Em nome da ciência, um dos maiores naturalistas da história do mundo tocou piano para minhocas. Dispôs os vasos experimentais numa mesa junto às teclas do instrumento e as apertou com toda a força, mas as bichinhas se mostraram inabaláveis. A coisa mudou de figura, no entanto, quando os vasos migraram para cima do piano e o dó grave foi pressionado —todas recuaram para dentro das galerias.

Para testar o olfato das minhocas, Darwin bafejou sobre elas tabaco, perfume e ácido, e enterrou fundo nos vasos folhas de repolho e cebola. Ainda no campo dos alimentos, descobriu as preferências dos animais, onívoros por natureza. Prendeu pedaços de carne crua e assada na superfície dos vasos e anotou: “Era possível observar as minhocas dando puxões na carne e abocanhando-a”. Também entendeu que elas são canibais, porque viu duas metades de uma minhoca morta serem arrastadas para dentro dos canais e devoradas na sequência.

O instinto que mais surpreendeu Darwin foi o de tapar as entradas das galerias com diversos objetos, coisa que mesmo os indivíduos muito jovens já fazem. As folhas são sempre a primeira escolha, mas também servem pecíolos de diversos tipos, pedúnculos florais, gravetos em decomposição, pedaços de papel, penas, tufos de lã e fios de crina de cavalo. Se não conseguem nada disso, as minhocas apelam para as pedras.

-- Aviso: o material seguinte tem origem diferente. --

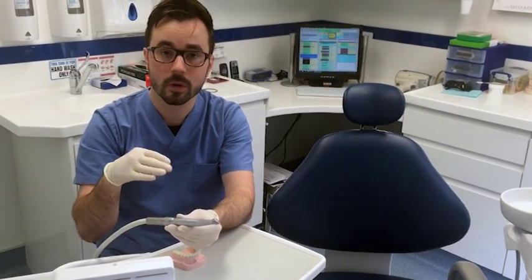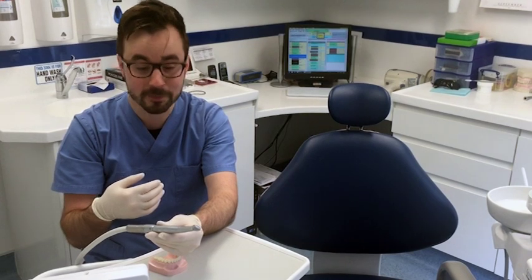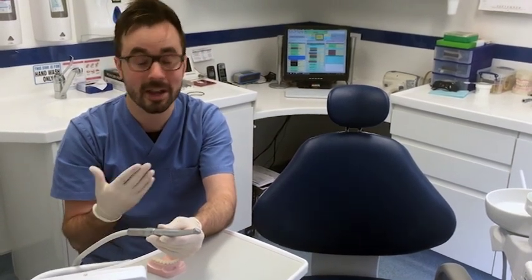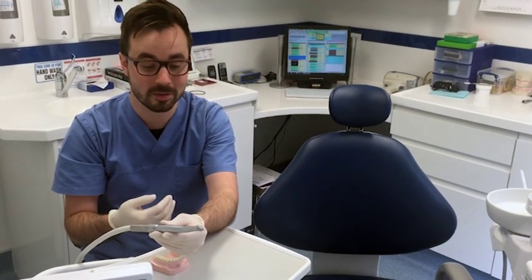The drill spins at 500,000 RPM, which is very fast, and it makes short work of fillings and any other procedures that we need to carry out.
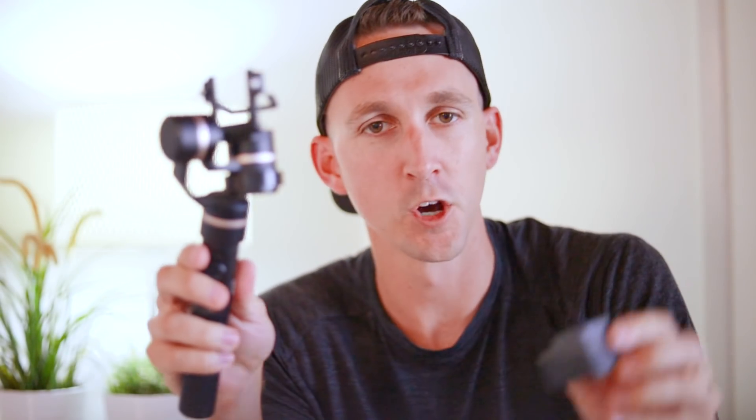Last year, I picked up a gimbal to pair up with my GoPro Hero 6, and while it worked great, it was just another piece of equipment to keep up with, something else to break if I crash, and just something else to keep charged. It was fine, but I'm always on the hunt to find new technology that makes my video creating easier and better.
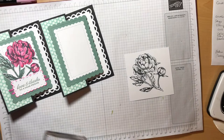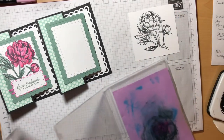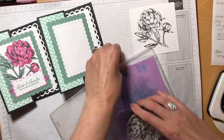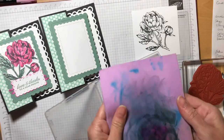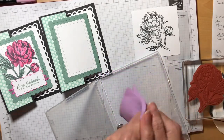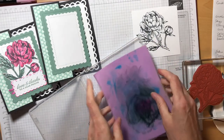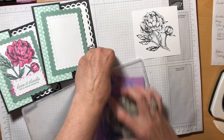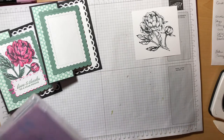Now I'm going to bring in the Stampin' Shammy to clean off our stamp. This is a shammy cloth that is wet right now, which makes it very pliable. Simply rub your stamp along the shammy — no need for chemicals or anything to clean it off, which is great.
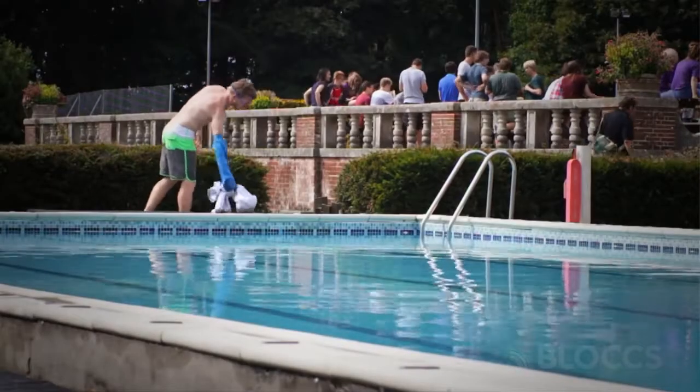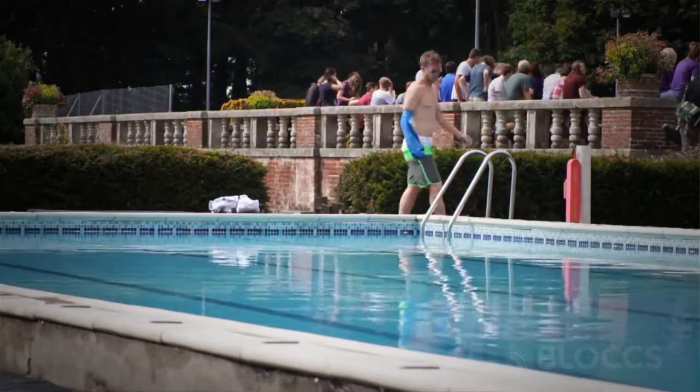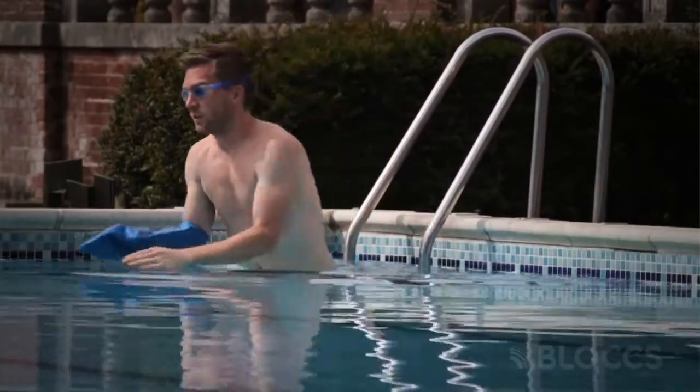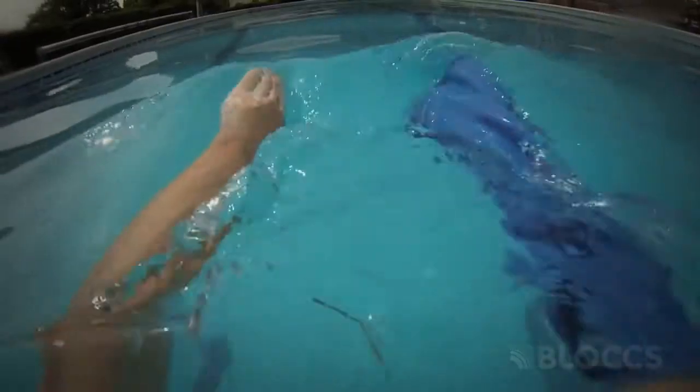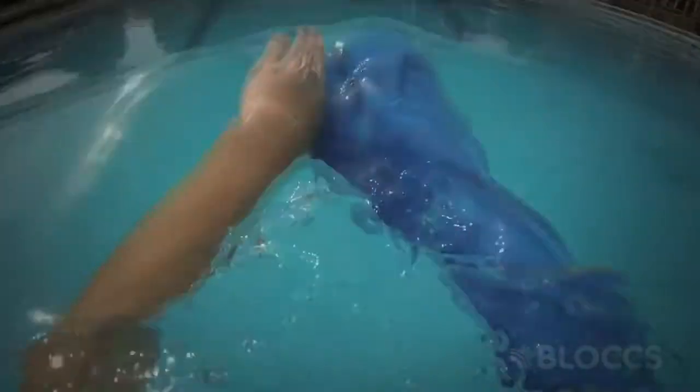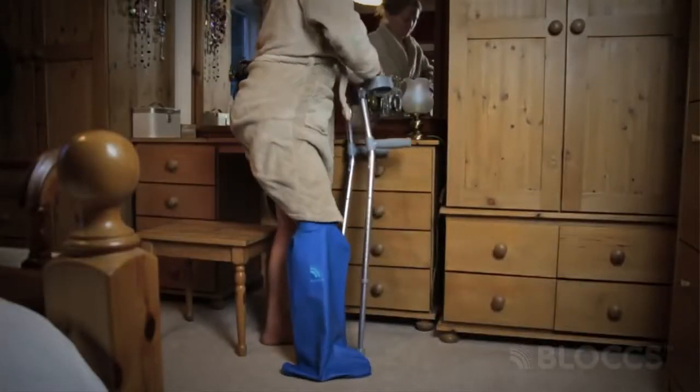One of the key advantages of Blocks over its competitors is that it's completely submergible. It's an ideal solution so you can continue to train in the pool if you've got a sports injury. Whoever you are, you can wash and continue day to day life as normal.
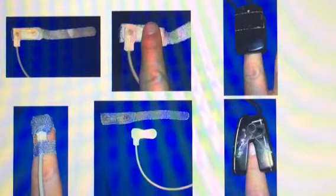The pulse oximeter probe is most commonly placed on the finger, then on the toe, and sometimes on the earlobe. It can only be placed on the nose or forehead when used with a specialty probe specifically designed for that area.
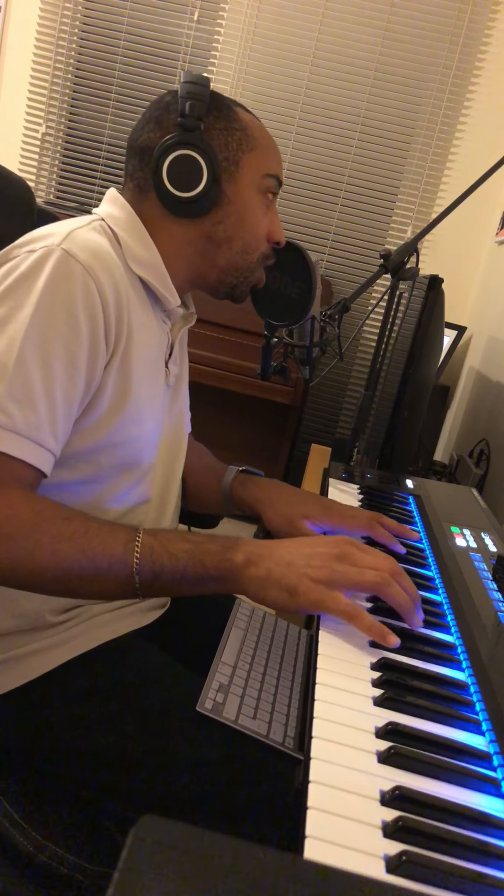At the time of this video, it might not be free anymore, but it was free a couple of weeks ago on DontCrack.com. That's a legal website where you can get this synth. It's inexpensive though, if it's not free — inexpensive but useful.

Elas também têm noção do formato dos objetos, o que permite que julguem qual a melhor maneira de arrastá-los —neste ponto do livro, é comovente a análise detalhada do pesquisador sobre as partes das folhas nas quais as minhocas preferem se segurar até conseguir puxá-las de um lado para o outro.

Valioso, “A Formação da Terra Vegetal pela Ação das Minhocas…” é um mergulho profundo no comportamento e na cognição de seres cujos efeitos no planeta são sentidos a toda hora, mas raramente reconhecidos. Para Darwin, é questionável se haveria animais com papel tão importante quanto o das minhocas na natureza —os corais, ele diz, poderiam até chegar perto caso não vivessem quase que totalmente restritos às zonas tropicais.